Segment Start: Provided records
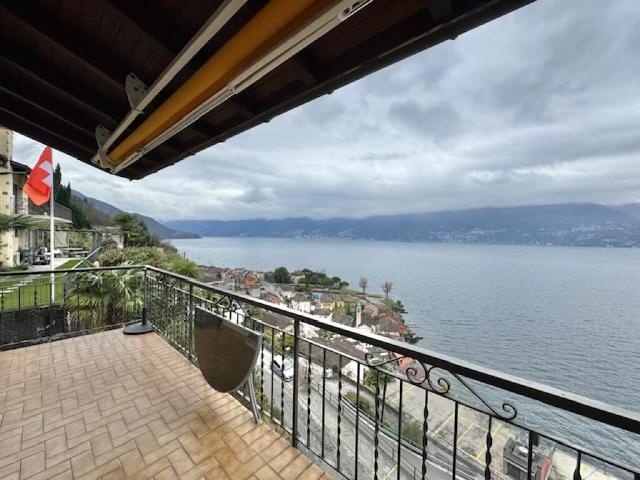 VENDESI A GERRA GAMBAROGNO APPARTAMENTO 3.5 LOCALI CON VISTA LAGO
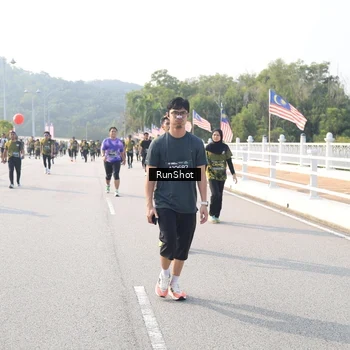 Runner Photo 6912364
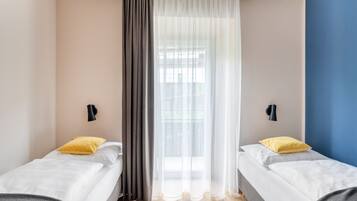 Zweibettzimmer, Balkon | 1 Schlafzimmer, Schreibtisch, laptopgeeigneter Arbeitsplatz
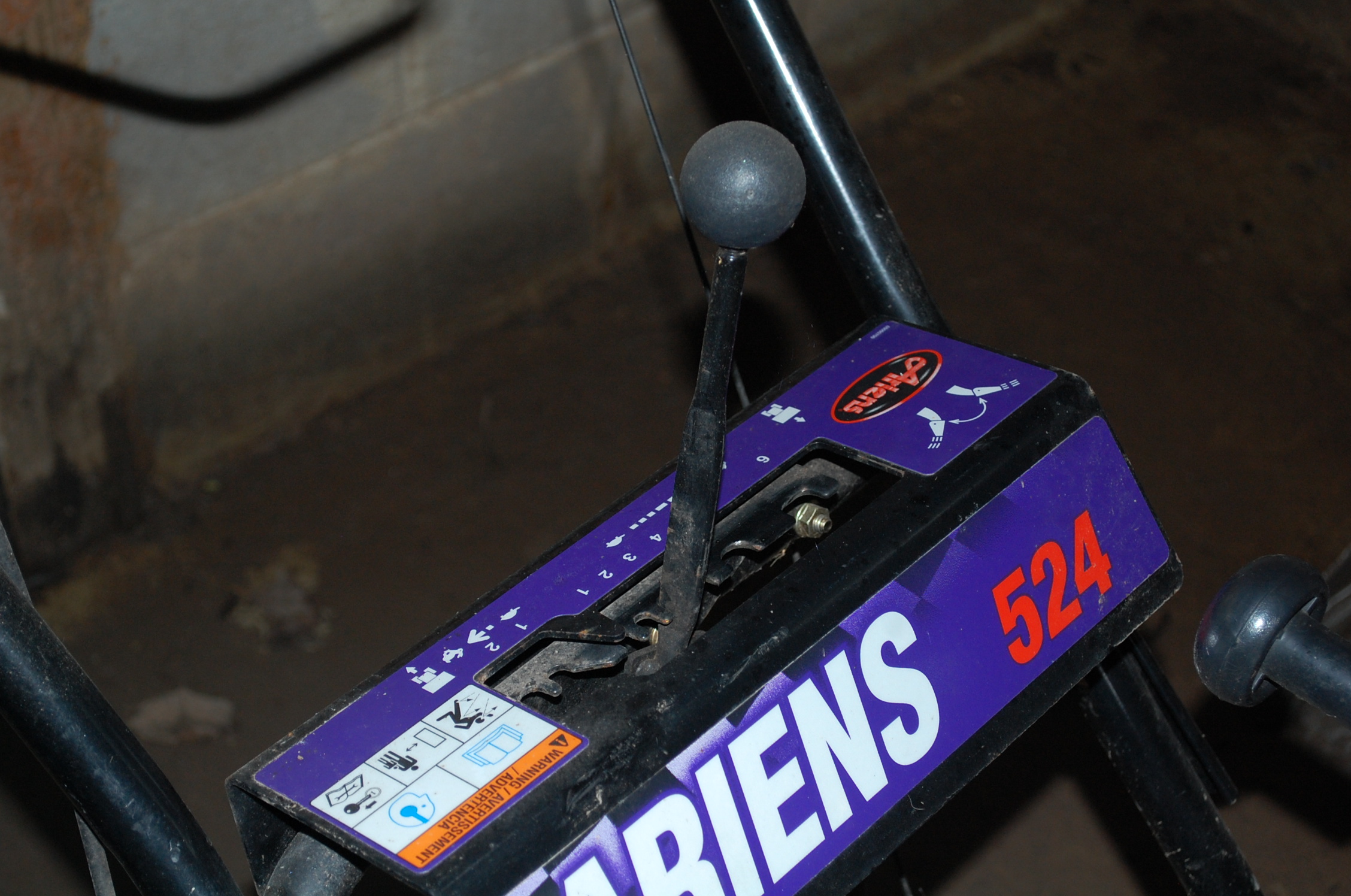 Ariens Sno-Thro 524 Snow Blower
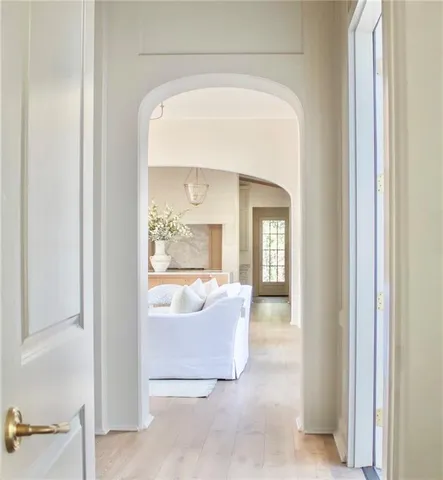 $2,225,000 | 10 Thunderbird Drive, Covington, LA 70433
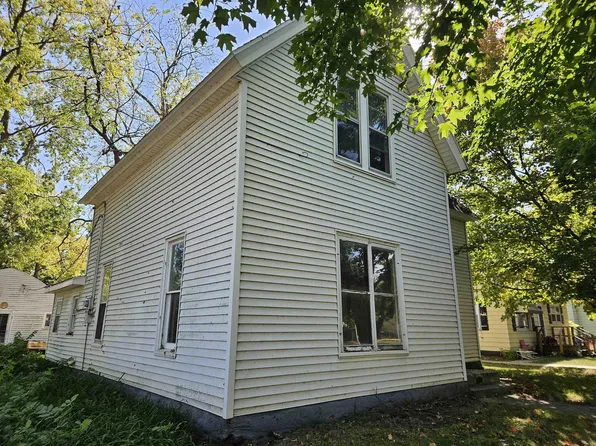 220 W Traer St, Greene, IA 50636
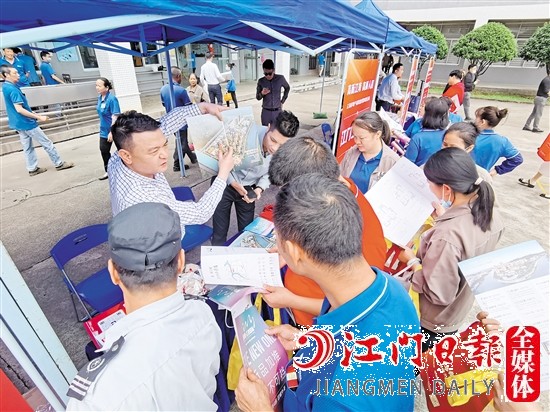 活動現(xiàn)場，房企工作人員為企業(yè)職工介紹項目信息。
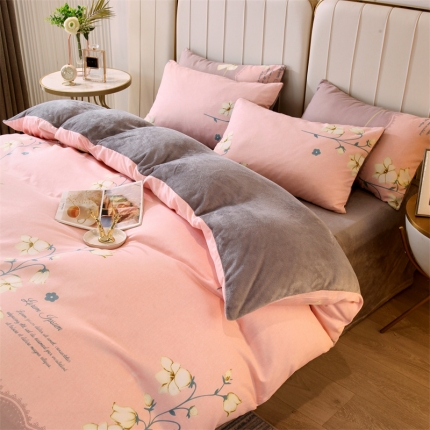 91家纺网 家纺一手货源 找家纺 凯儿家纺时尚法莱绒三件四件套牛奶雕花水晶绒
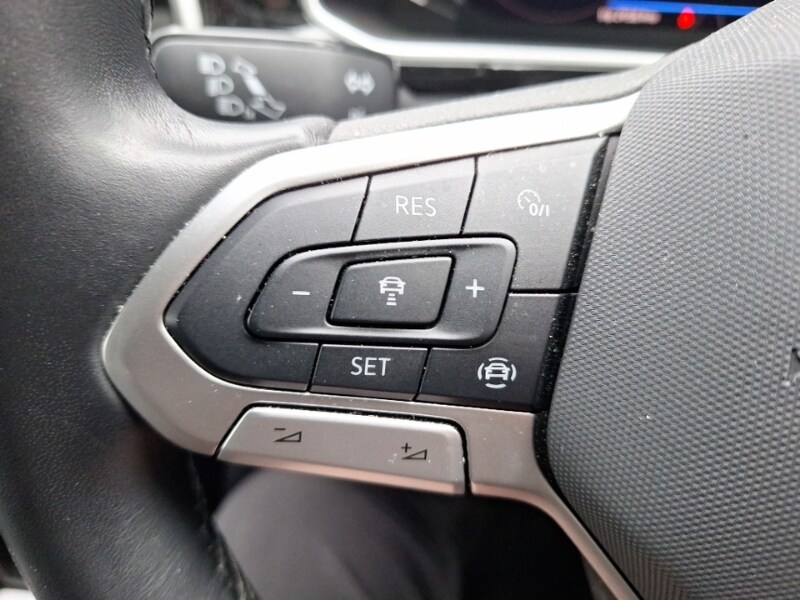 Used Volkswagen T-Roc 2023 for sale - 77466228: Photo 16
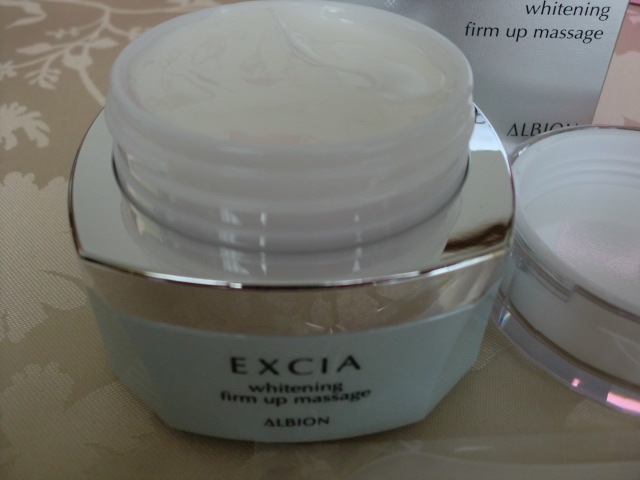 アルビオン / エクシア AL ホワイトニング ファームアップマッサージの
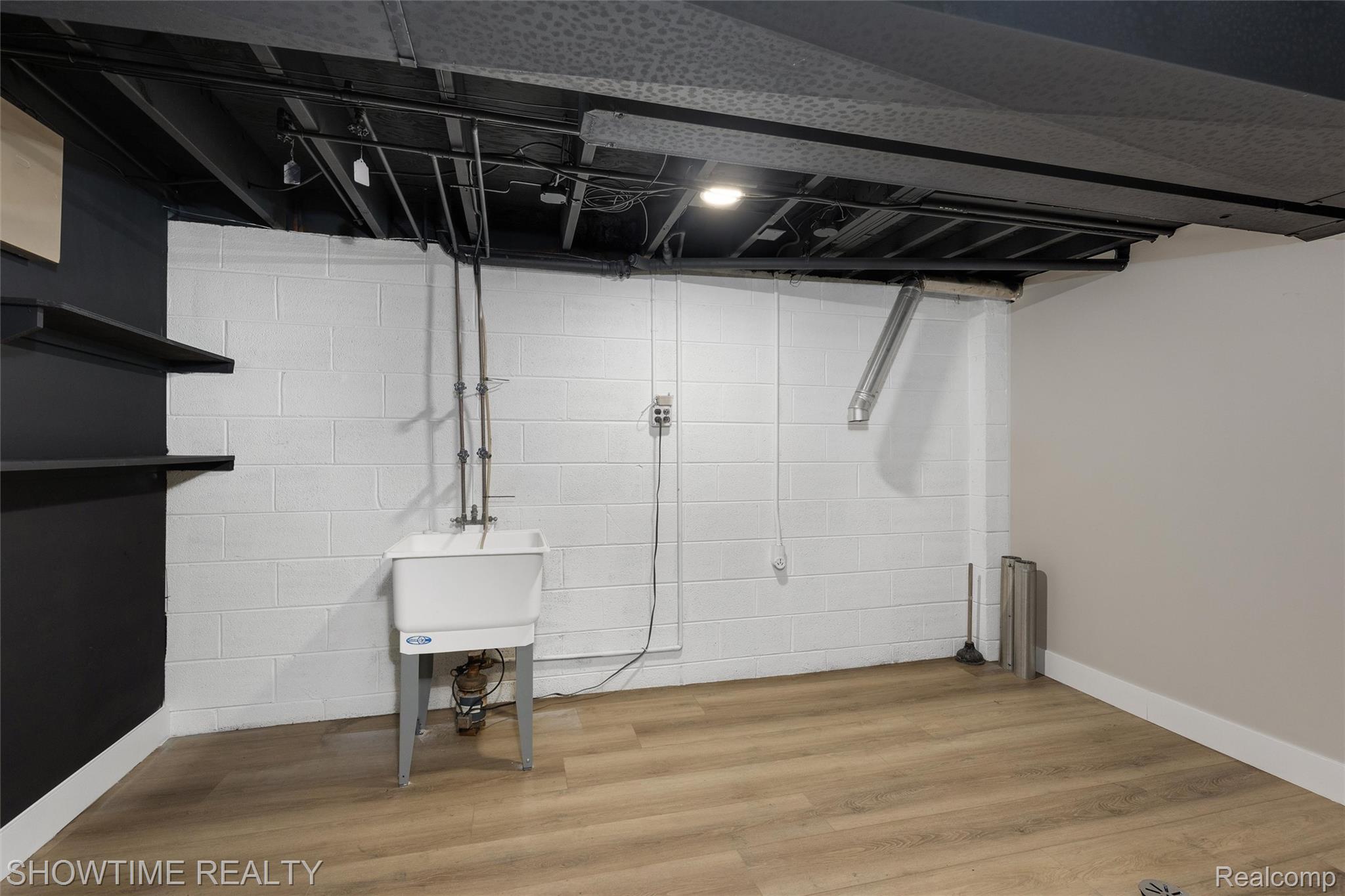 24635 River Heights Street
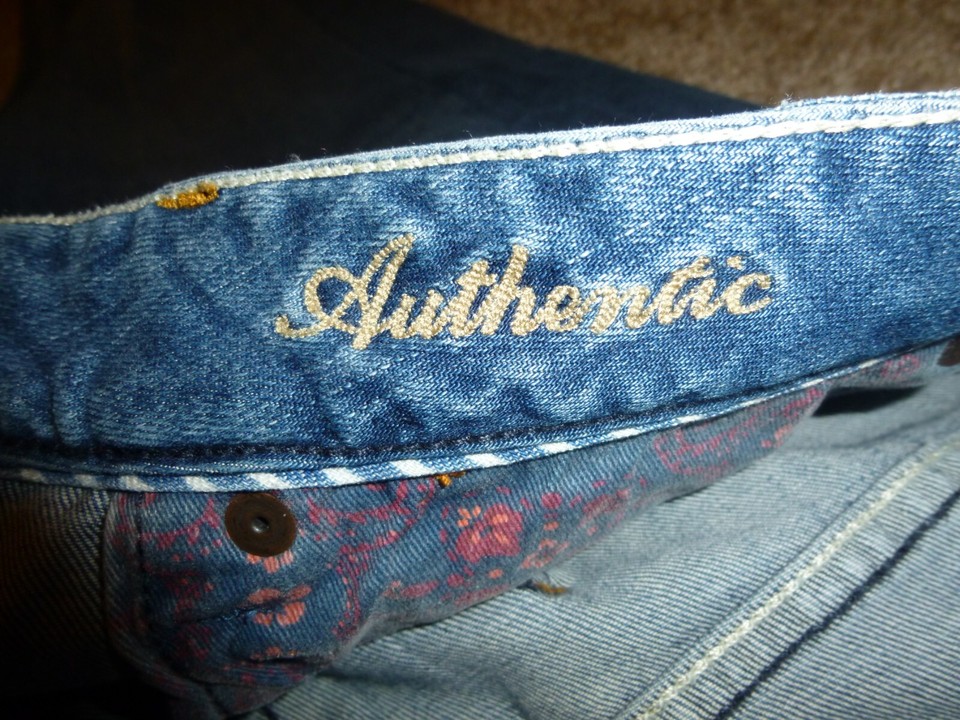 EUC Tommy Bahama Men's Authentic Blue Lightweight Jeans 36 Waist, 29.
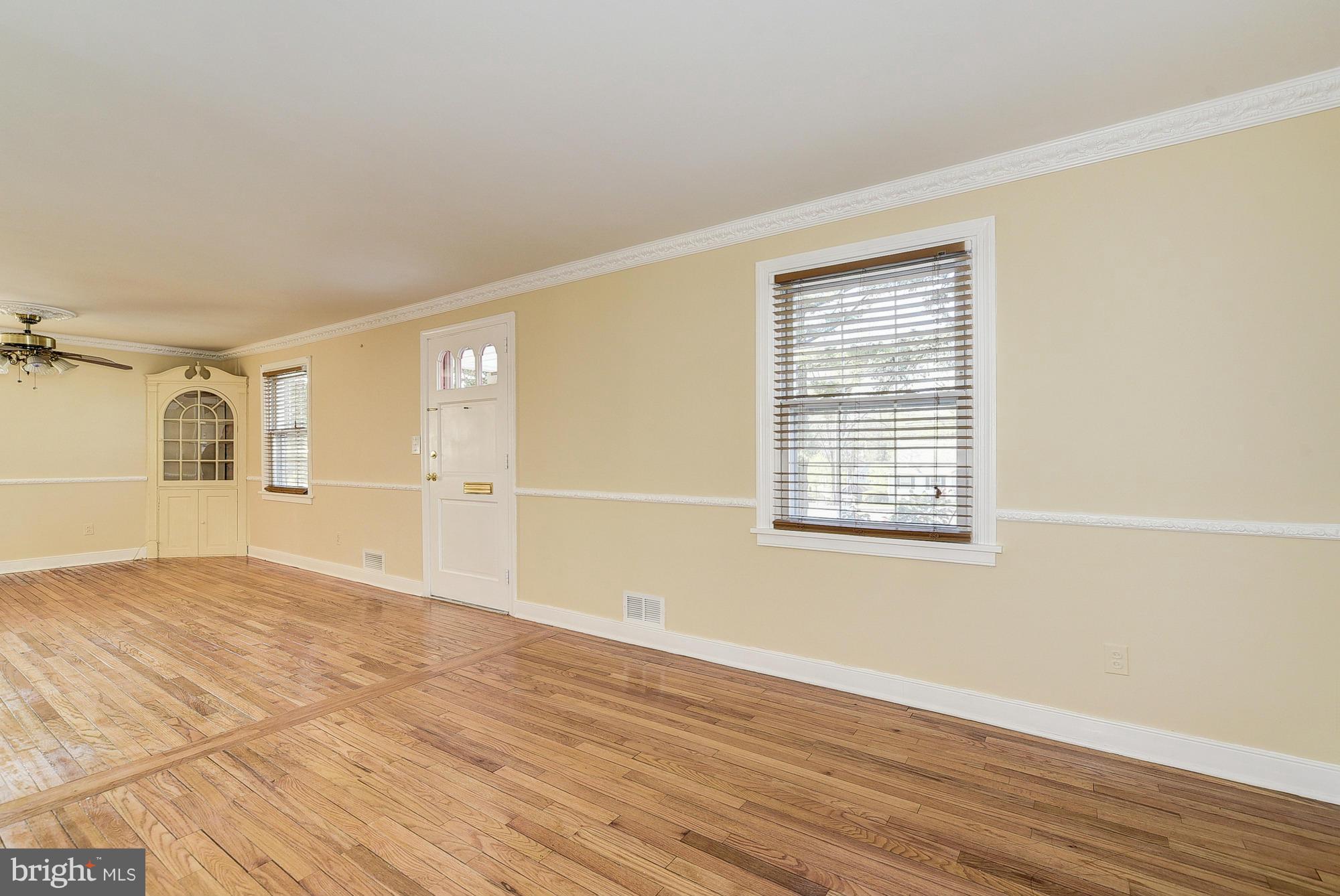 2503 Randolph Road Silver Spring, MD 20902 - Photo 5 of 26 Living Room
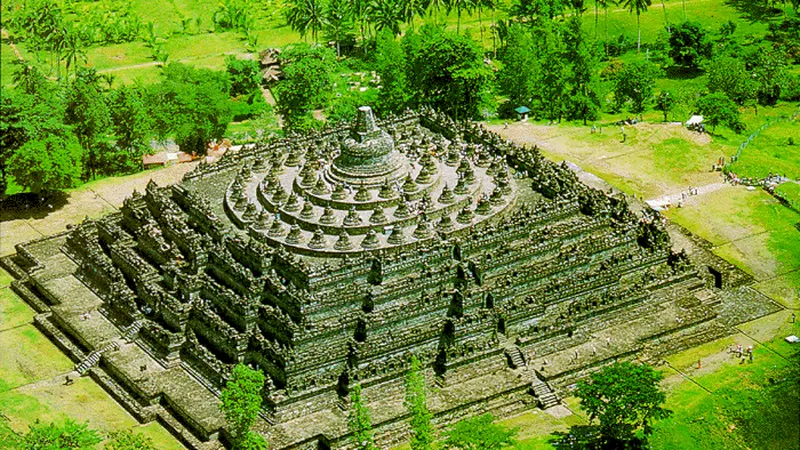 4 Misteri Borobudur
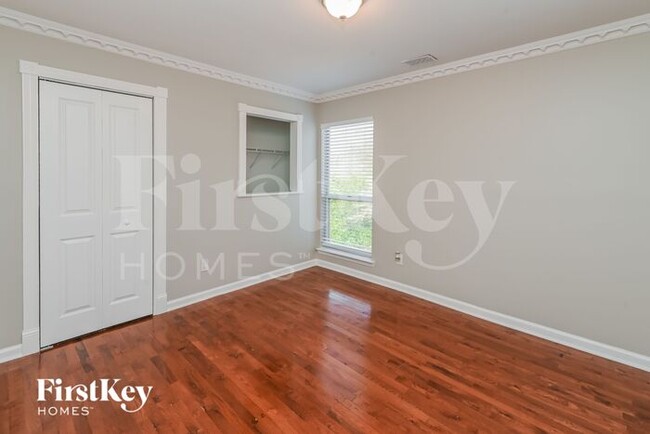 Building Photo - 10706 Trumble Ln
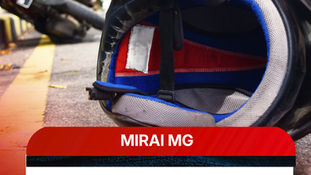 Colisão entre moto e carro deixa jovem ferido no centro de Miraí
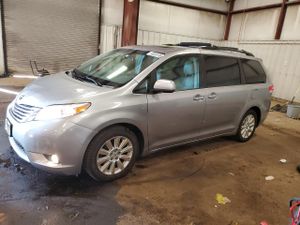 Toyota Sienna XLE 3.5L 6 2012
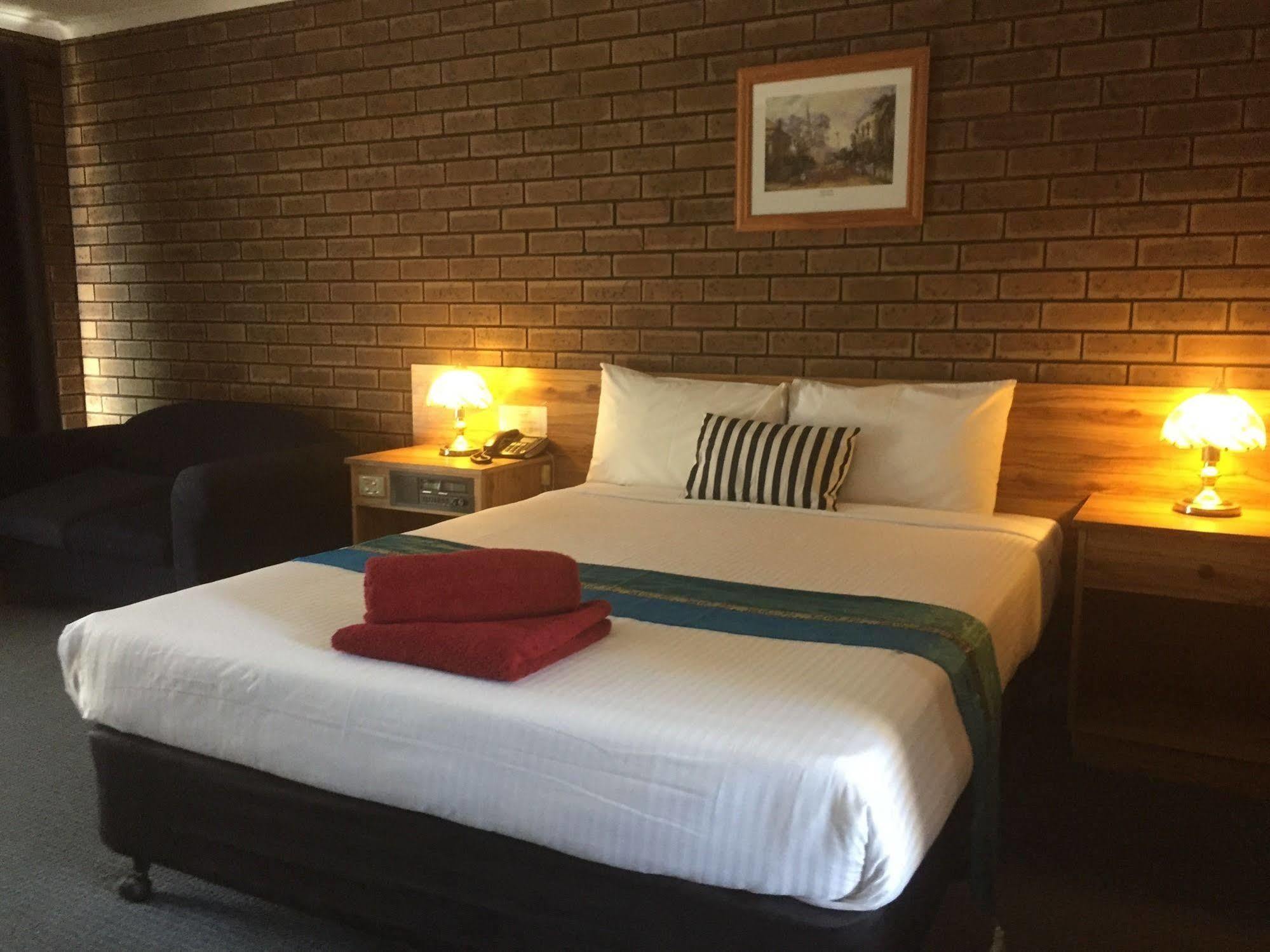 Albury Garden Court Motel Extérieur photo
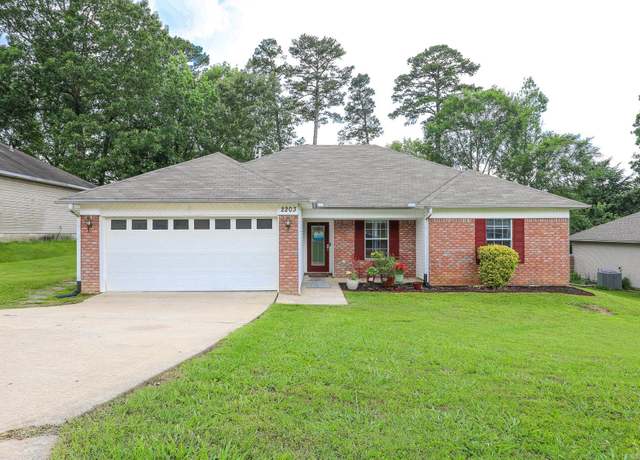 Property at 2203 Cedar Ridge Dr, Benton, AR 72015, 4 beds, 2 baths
Segment End: Provided records
What the exercise asks: Set down, exactly as written, each line from the one that contains "Used Volkswagen T-Roc" to the last line of the records, but none of the pictures.

Answer below:
 Used Volkswagen T-Roc 2023 for sale - 77466228: Photo 16
 アルビオン / エクシア AL ホワイトニング ファームアップマッサージの
 24635 River Heights Street
 EUC Tommy Bahama Men's Authentic Blue Lightweight Jeans 36 Waist, 29.
 2503 Randolph Road Silver Spring, MD 20902 - Photo 5 of 26 Living Room
 4 Misteri Borobudur
 Building Photo - 10706 Trumble Ln
 Colisão entre moto e carro deixa jovem ferido no centro de Miraí
 Toyota Sienna XLE 3.5L 6 2012
 Albury Garden Court Motel Extérieur photo
 Property at 2203 Cedar Ridge Dr, Benton, AR 72015, 4 beds, 2 baths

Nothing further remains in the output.